Are You Really Listening?
Are you really listening? The answer is very likely a big fat no. How often do you actually focus on what someone is saying. Instead, there’s the running ticker tape: the Ocado shop, when will Brexit go away, yesterday’s deadlines, the overwhelming in-box, the beep of your iPhone, what are the kids going to eat for dinner? And you are not alone. Research shows that only 10% of us listen effectively.
We might think we are listening, but more often than not we are chomping at the bit to jump in and share our experiences or offer advice – but are we listening to fully understand what it is that someone is trying to tell us, a factor which negates the efficacy of our day-to-day communication.
I am just as guilty. Silly because I know only too well as a journalist that the best type of interview comes when you really listen; and that’s the words along with the pauses (which incidentally are just as revealing as the words).
I get the best exchange when I’m not ticking off a checklist of questions that I’ve prepared ahead, but when I take part in a conversation which evolves organically. It’s when I receive the best insights, the sound bites no one else has written and not the rat-a-tat-patter of well-rehearsed answers to questions the interviewee has been asked a dozen of times. And, which frankly is so much more enjoyable.
Active listening (the ability to unpick the meaning of words and silence) is so integral to good communication and yet, it is so rarely championed – or even taught at school or later on in life. Think of the many many tomes which have been written on the art of speaking or public speaking since the time of Cicero, but when was the last time you read anything about learning to listen properly, something that can definitely be improved upon with a bit of effort. As a child, my Granny used to tell me, God gave you two ears and one mouth so you could listen twice as much as you speak.
The late American psychologist Edwin Shneidman said, “When you listen for the pain, hurt and fear in people, it is always there. And when people sense you doing that with no other motive than to alleviate all of those, they will lower their walls and reveal them to you.”

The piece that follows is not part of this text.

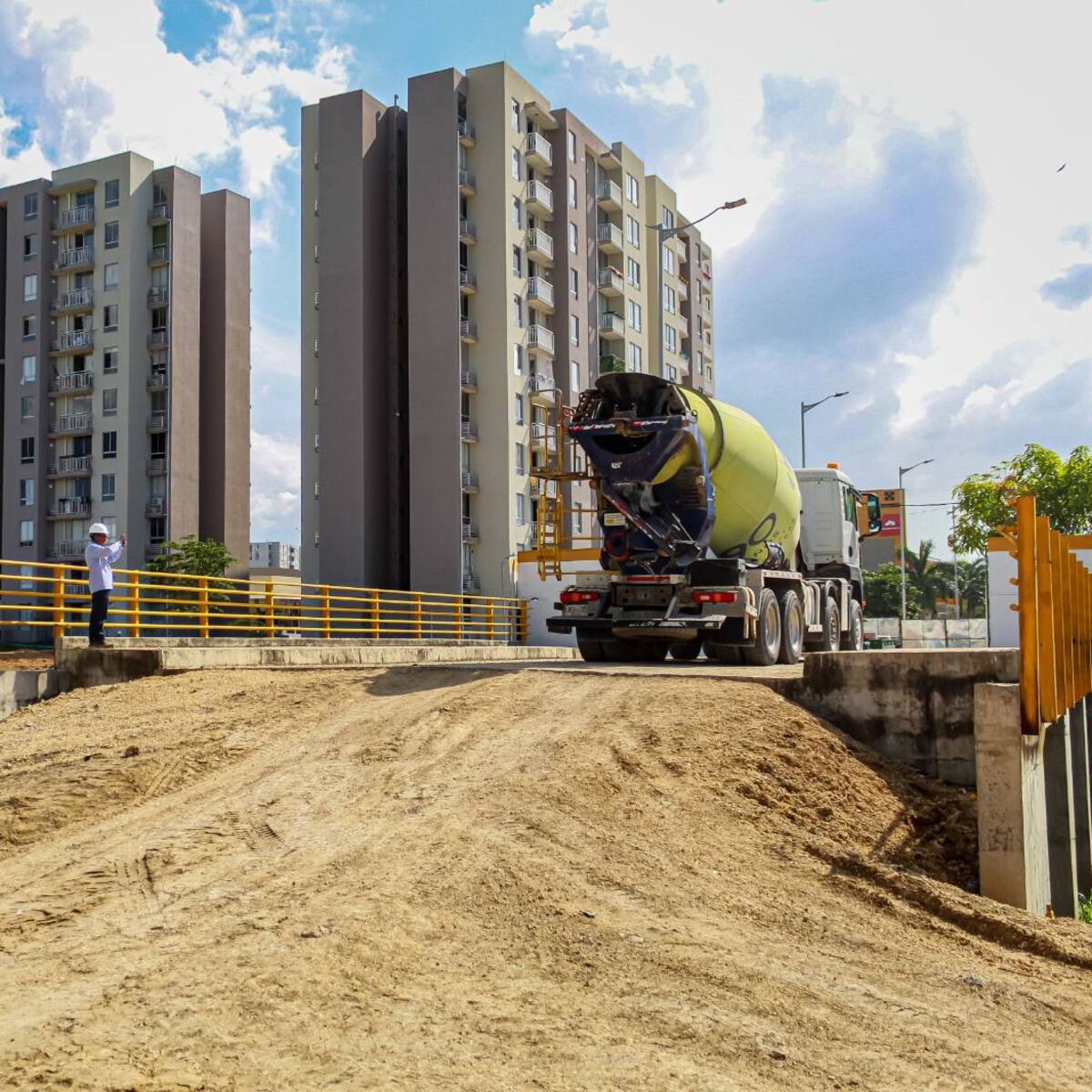 Inició fundición de placas en conexión Parque Heredia- La Carolina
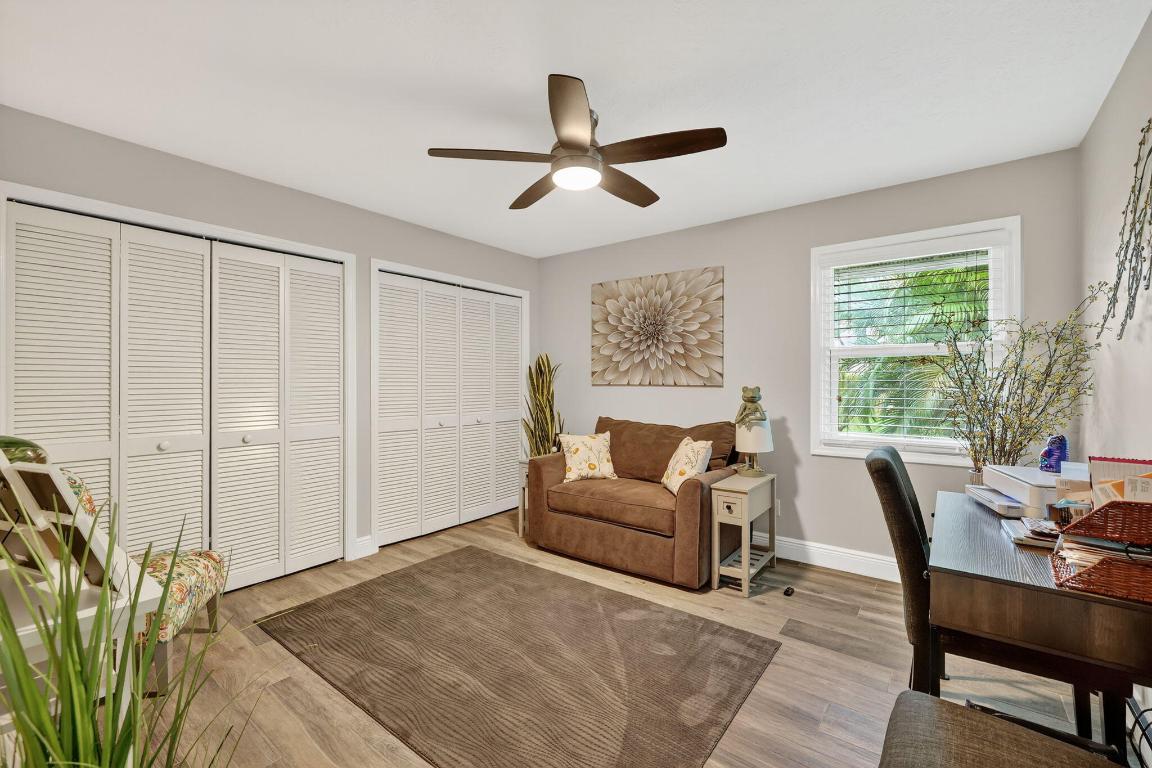 CORAL LAKES - Residential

Listening promotes empathy along with being in the present. It takes some practice to not judge or let your mind wander off. The way we listen and engage with others mostly boils down to a mixture of the following: only listening to what someone is saying through the prism of our own perspective; at other times, we are assumptive listeners (the most obvious example of poor listening) whereby we assume we know what the other person will say. We are so caught up thinking about what the other person wants to say that we don’t hear what they are actually saying, either because we are too impatient or as a result from a past experience with them.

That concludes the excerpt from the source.